We recognize that Mr. Towers also testified that the word "professional" in his mark reflected his opinion about his VALPORT product, and further functioned somewhat like THE MARK OF EXCELLENCE and similar phrases used as trademarks. (Towers dep. 60). However, in the same paragraph of his testimony, Mr. Towers stated that his product "is very professional in the way it works." (Towers dep. 60).

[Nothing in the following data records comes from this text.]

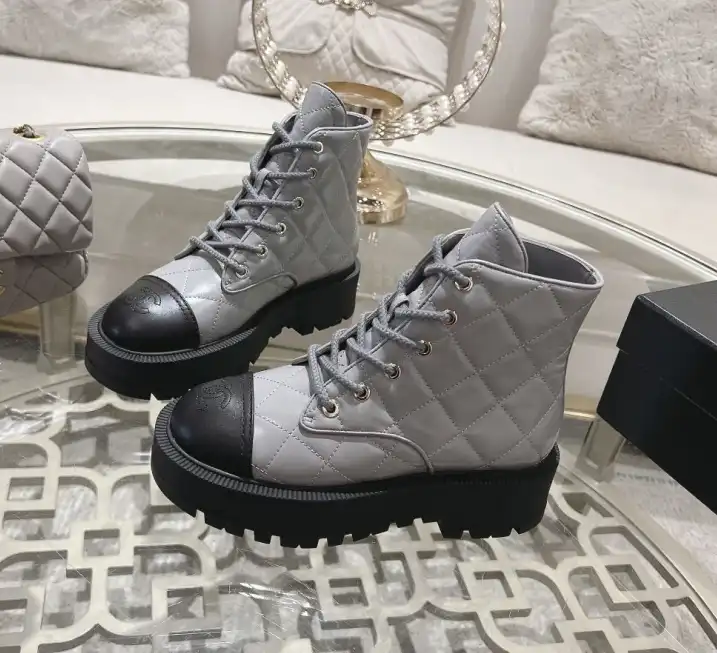 hype Chanel Boots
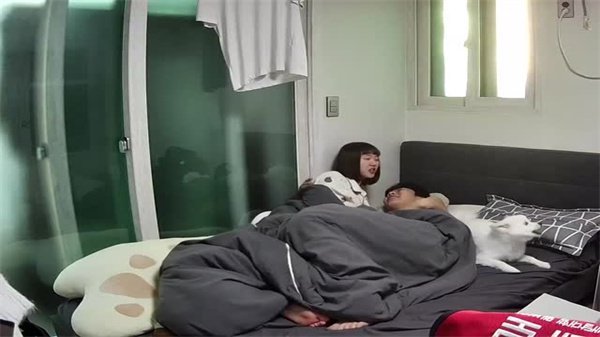 居家摄像头南韩情侣家里打情骂俏做爱日常流出
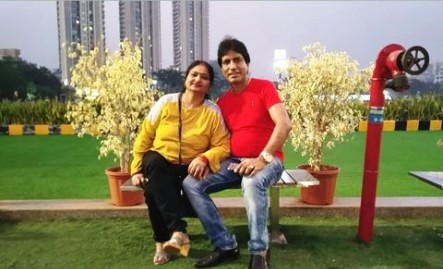 Deepu Srivastava with his wife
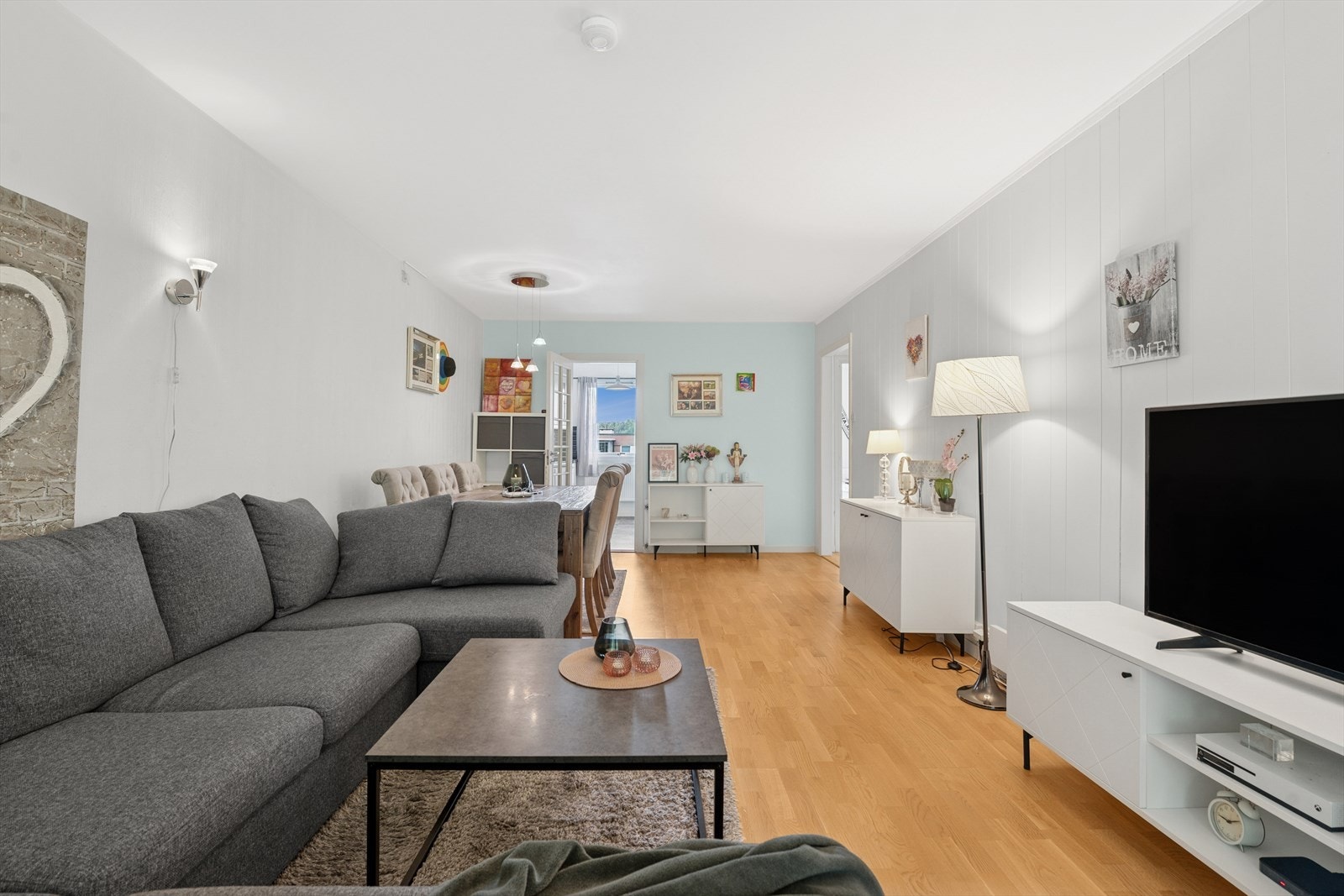 Rommets utforming byr opp til sosiale sammenkomster og rolig avslapping. Galleribilde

Furthermore, we take note of the testimony of Mr. John J. Driver, who is the administrator of petitioner's VALPORT product on behalf of petitioner's sole licensee, Control Data. Control Data distributes petitioner's VALPORT product to the ultimate investment professional users. Mr. Driver stated that the mark THE PROFESSIONAL PORTFOLIO SYSTEM "describes [petitioner's VALPORT product] as a portfolio system. A professional portfolio system, that is a further refinement that tells us what the product does more than the words VALPORT do." (Driver dep. 48).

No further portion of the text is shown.